A Cafeteria Lunch Worth Eating at The Lexington School
I admit that I recoiled a bit when Beth Pride, The Lexington School’s Director of Admission, invited me to lunch at the school.
A school cafeteria lunch? Really? The school cafeterias I’ve visited are noisy affairs with uncomfortable seating and unappetizing food – unless you’re a sucker for cold pizza, tater tots and oceans of ketchup.
Not so at The Lexington School.
Earlier this year when the school hired chef Ryan Laudenschlager (Chef Ryan as he’s called), the first thing he did was tear out the fryers.
Healthy, nutritious, interesting food has become the order of the day in the cafeteria where students, faculty and administrators eat in a relaxed, comfortable family meal setting.
On my visit last month, the entrée was chicken and vegetarian alfredo (gluten free pasta available) with side dishes of steamed broccoli and sauteed yellow squash (excellent!).

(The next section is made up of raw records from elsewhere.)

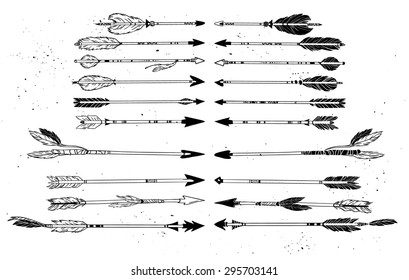 Hand drawn vintage vector illustration - Collection of decorative arrows. Tribal design elements. Perfect for invitations, greeting cards, quotes, blogs, posters and more.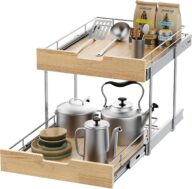 Pull Out Cabinet Organizer,Heavy-Duty Slide Out Shelf, Wood and Wire Basket, Pull Out Drawer for for Kitchen Under Sink Space, Pantry, Bathroom, 2 Tie 11 * 21 in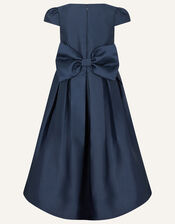 Katharine Duchess Twill High-Low Dress, Blue (NAVY), large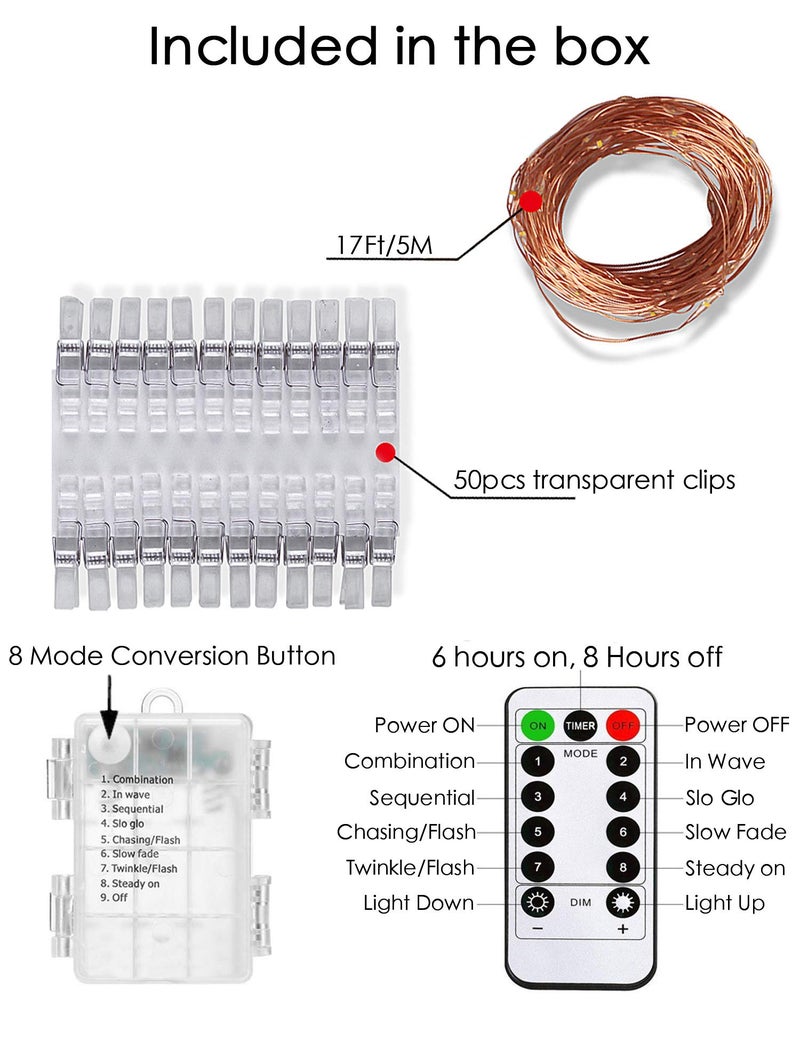 LECLSTAR 50 LED Photo Clips String Lights, 17ft with Remote - 8 Modes Fairy Lights to Clip on Pictures, Photos, Cards - Image 3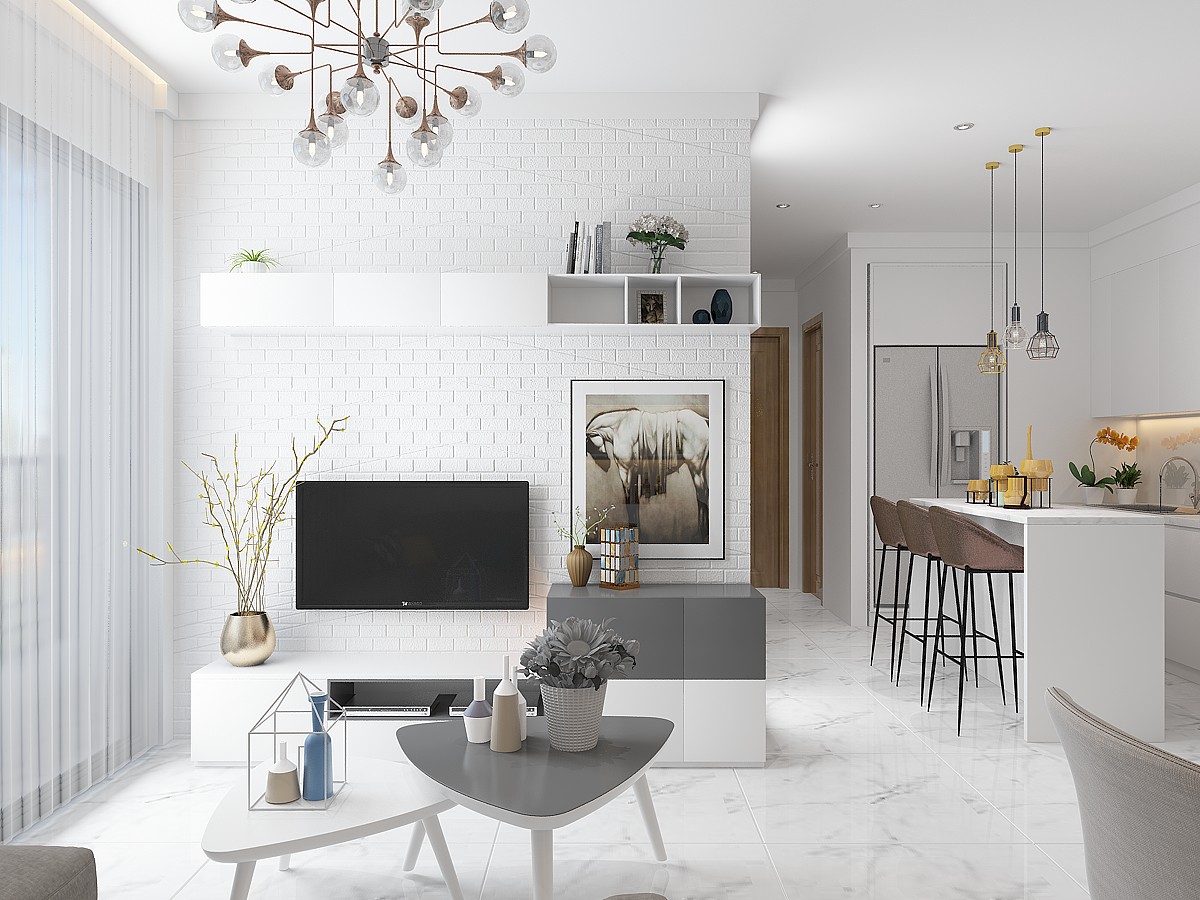 thiết kế nội thất căn hộ 2 phòng ngủ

At the sandwich bar, fresh roasted turkey breast meat was available. Everything in Chef Ryan’s kitchen is “always fresh, always local and always seasoned to perfection,” according to Marijo Foster, the Head of the Lower School who has worked at TLS for 35 years.
She and everyone else are delighted with Chef Ryan’s changes.
“We don’t open cans in the kitchen,” he said. “Everything is made from scratch. Every bean starts out dry.
“Our food is nutritious because I can control the salt, the sulfates and fat in each dish.”
I can attest to the quality. I’m on a health kick – to commemorate Lexington Family Magazine’s 15th anniversary, I have vowed to lose 15 pounds by our Camp Fair in April – so I filled up at the salad bar.
After living in California for years, I have high standards for a salad bar. This one passed with straight A’s.
No wilting lettuce or soggy tomatoes. Everything fresh and tasty.
Also at the salad bar were freshly made hummus with pita bread (terrific!) and, new to me, a gluten free southwest quinoa salad, featuring black beans and southwest seasoning. (I loved it!)
I finished the meal with fresh fruit (the school goes through 80 pounds of bananas and 125 apples every day). For dessert, I had yogurt topped with granola. (Sweet!)
It’s not surprising that the food is so good. Chef Ryan has a degree in the culinary arts from Sullivan University and worked at Portofino restaurant and the Rose Hill Inn.
At the recent Kentucky Proud Incredible Food Show at Rupp Arena, he won the pro-am chef competition with a Parmesan herb grit cake with Swiss chard, beef tips, roasted sweet potatoes and Shiitake mushrooms.
Chef Ryan is more than a good cook – he’s also an educator. At each meal in the school cafeteria, he shares interesting facts about food with the students and staff, and introduces students to new foods.
“What I feed off of is education,” he said. “Every day we have 600 people in here learning about food. It has built an excitement level that makes this job great.”
All I can say is “Bon Appetit.”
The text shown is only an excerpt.